[Image-text web data]

- - - - -

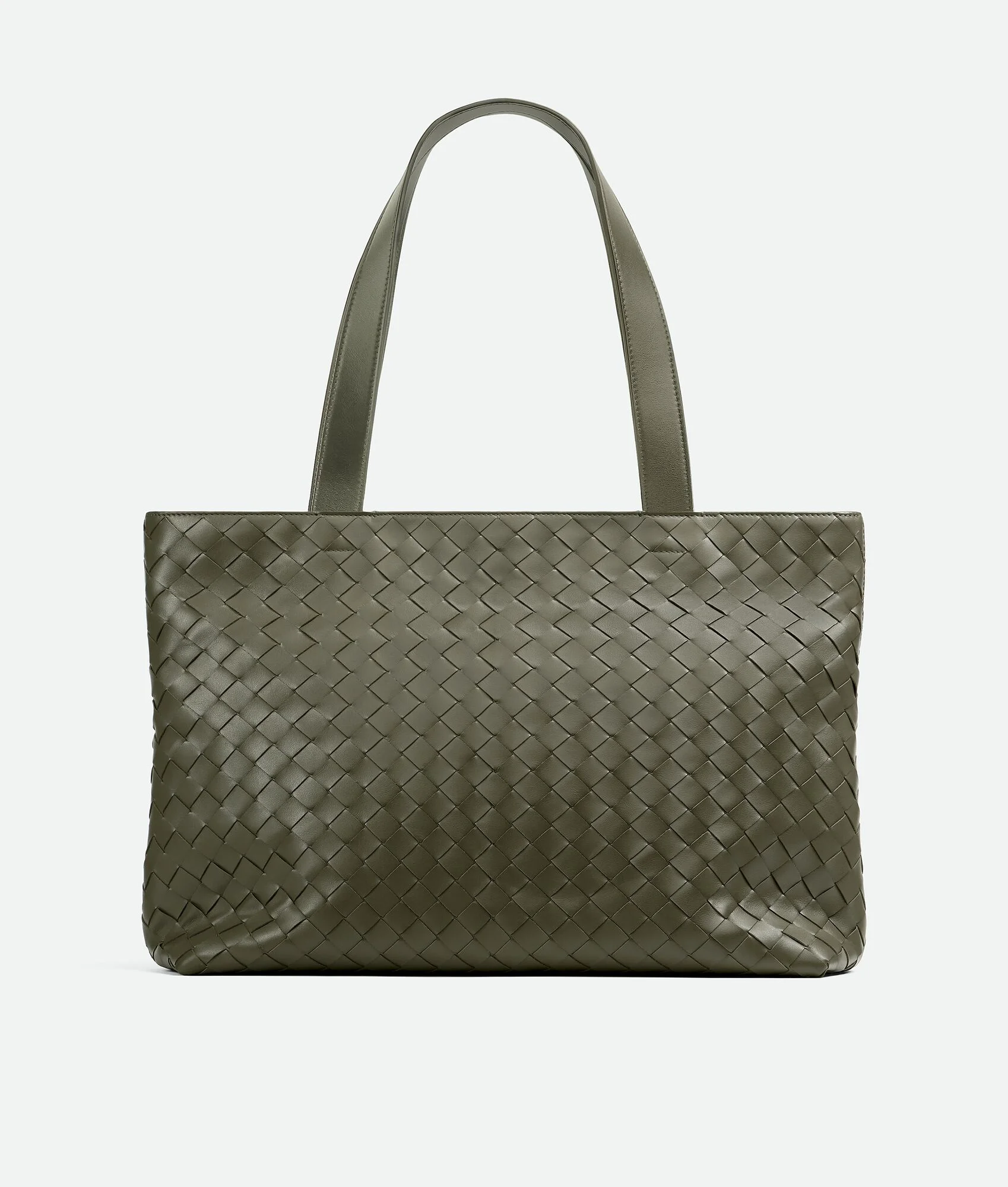 Small Intrecciato Zipped Tote - 1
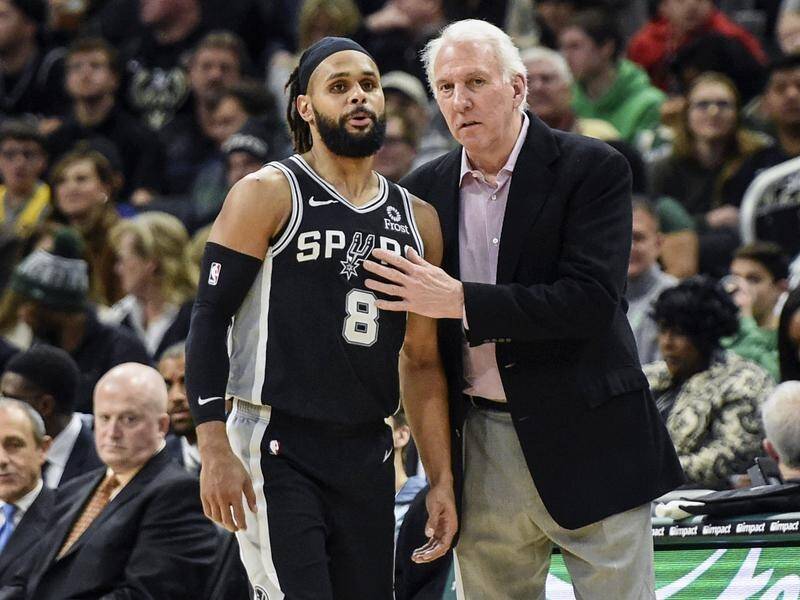 Patty Mills has big plans for his Spurs coach Gregg Popovich when he heads to Australia.
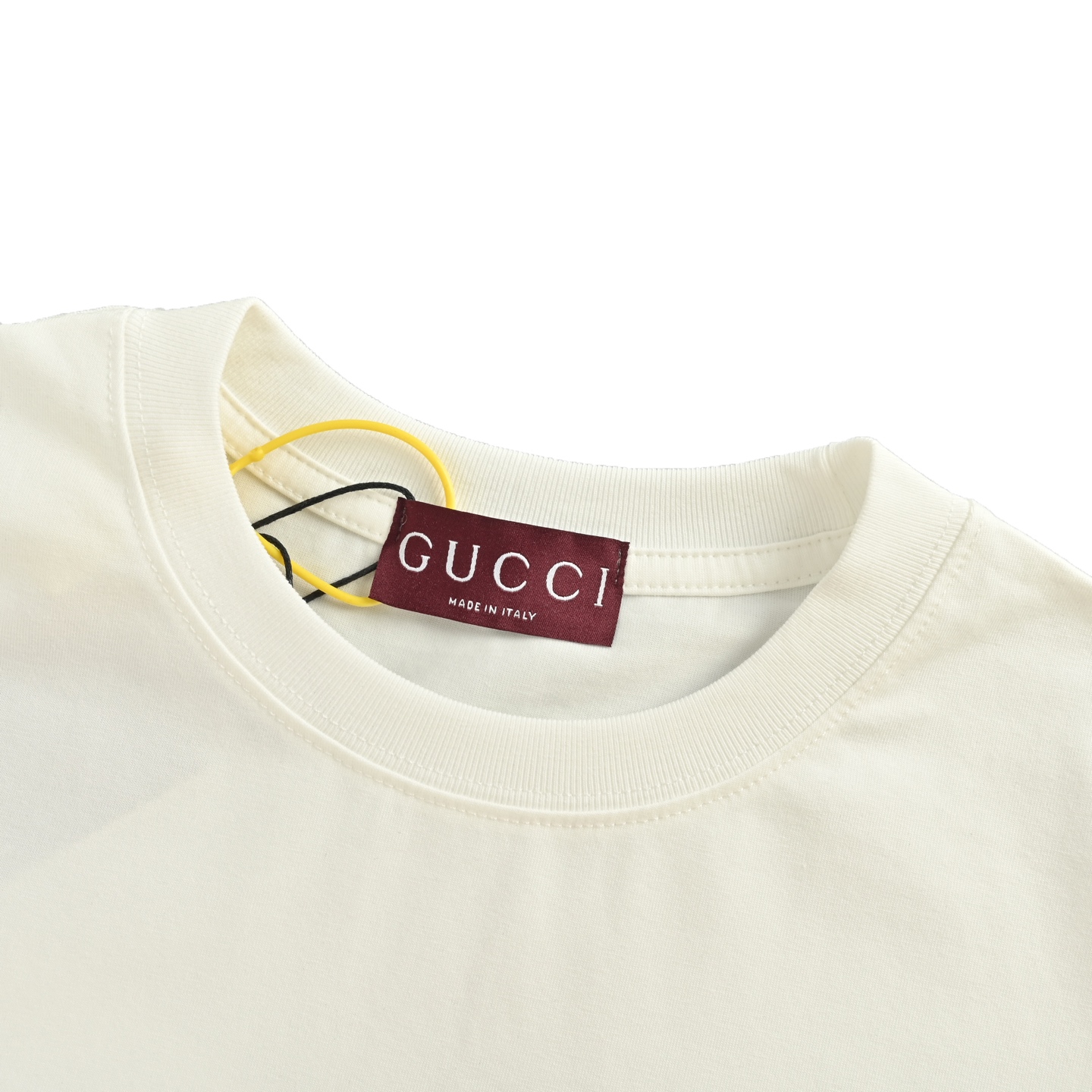 Gucci/古驰 25ss 条纹双G印花短袖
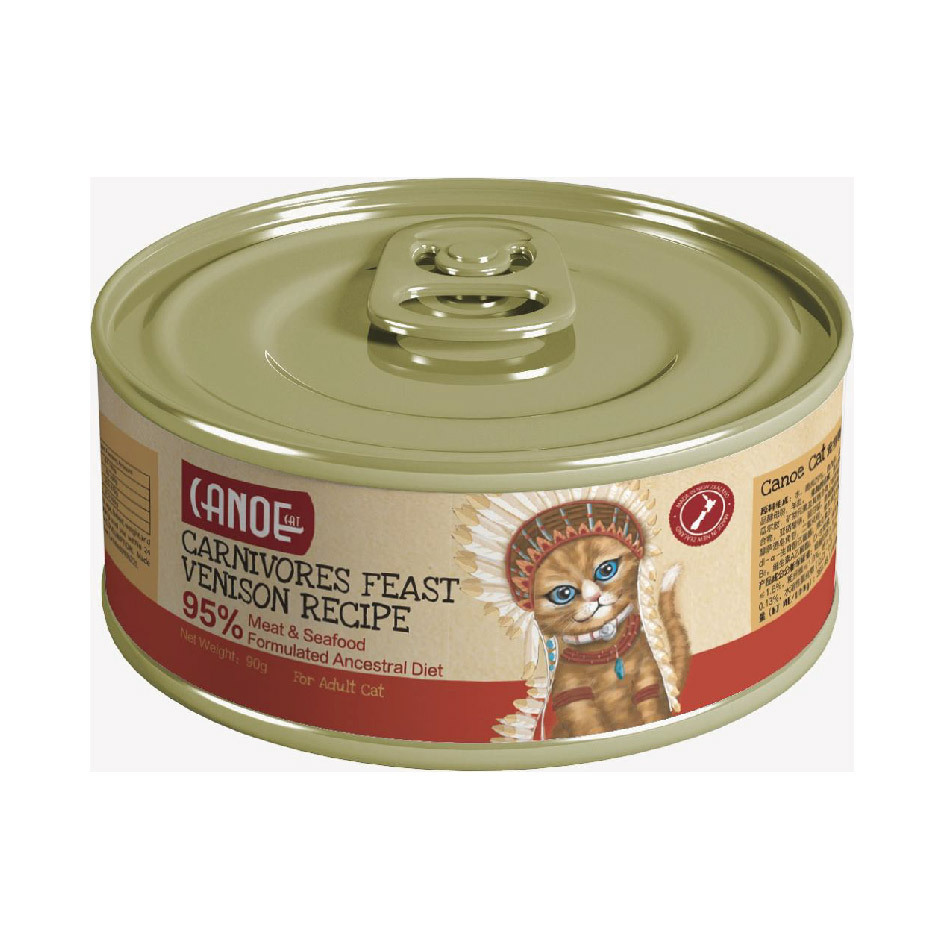 Canoe 貓罐 90g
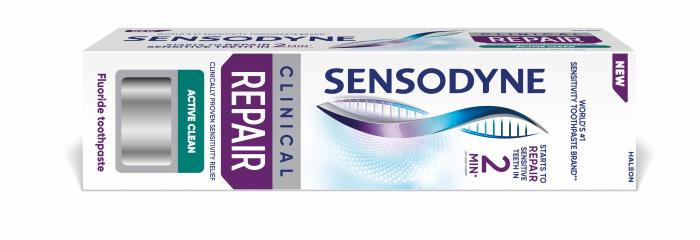 SENSODYNE HAMBAPASTA CLINICAL REPAIR MINT 75ML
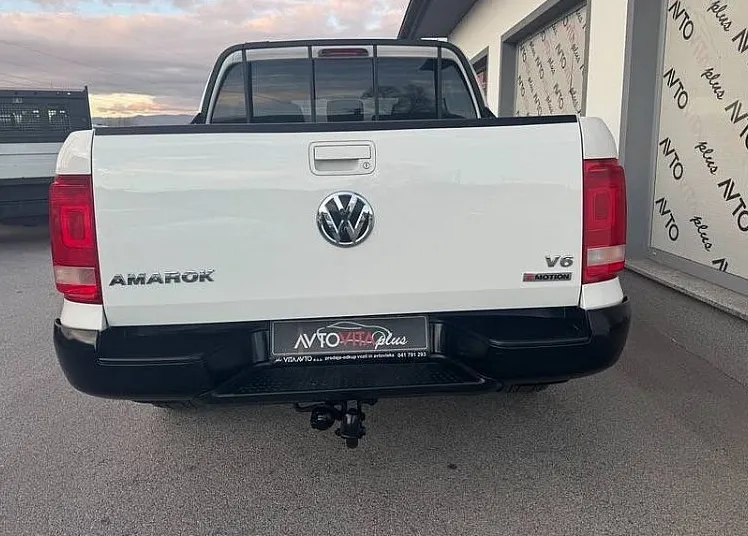 Zunanja slika - VW Amarok - 3.0 tdi 4 motion comfortline DSG-NAVI-PRIKLOP-DDV - 7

- - - - -

_Instructions to follow_: Print only the lines from the line that contains "Canoe 貓罐 90g" to the final line of the data, inclusive. Pictures stay out.

_Exercise response_:
 Canoe 貓罐 90g
 SENSODYNE HAMBAPASTA CLINICAL REPAIR MINT 75ML
 Zunanja slika - VW Amarok - 3.0 tdi 4 motion comfortline DSG-NAVI-PRIKLOP-DDV - 7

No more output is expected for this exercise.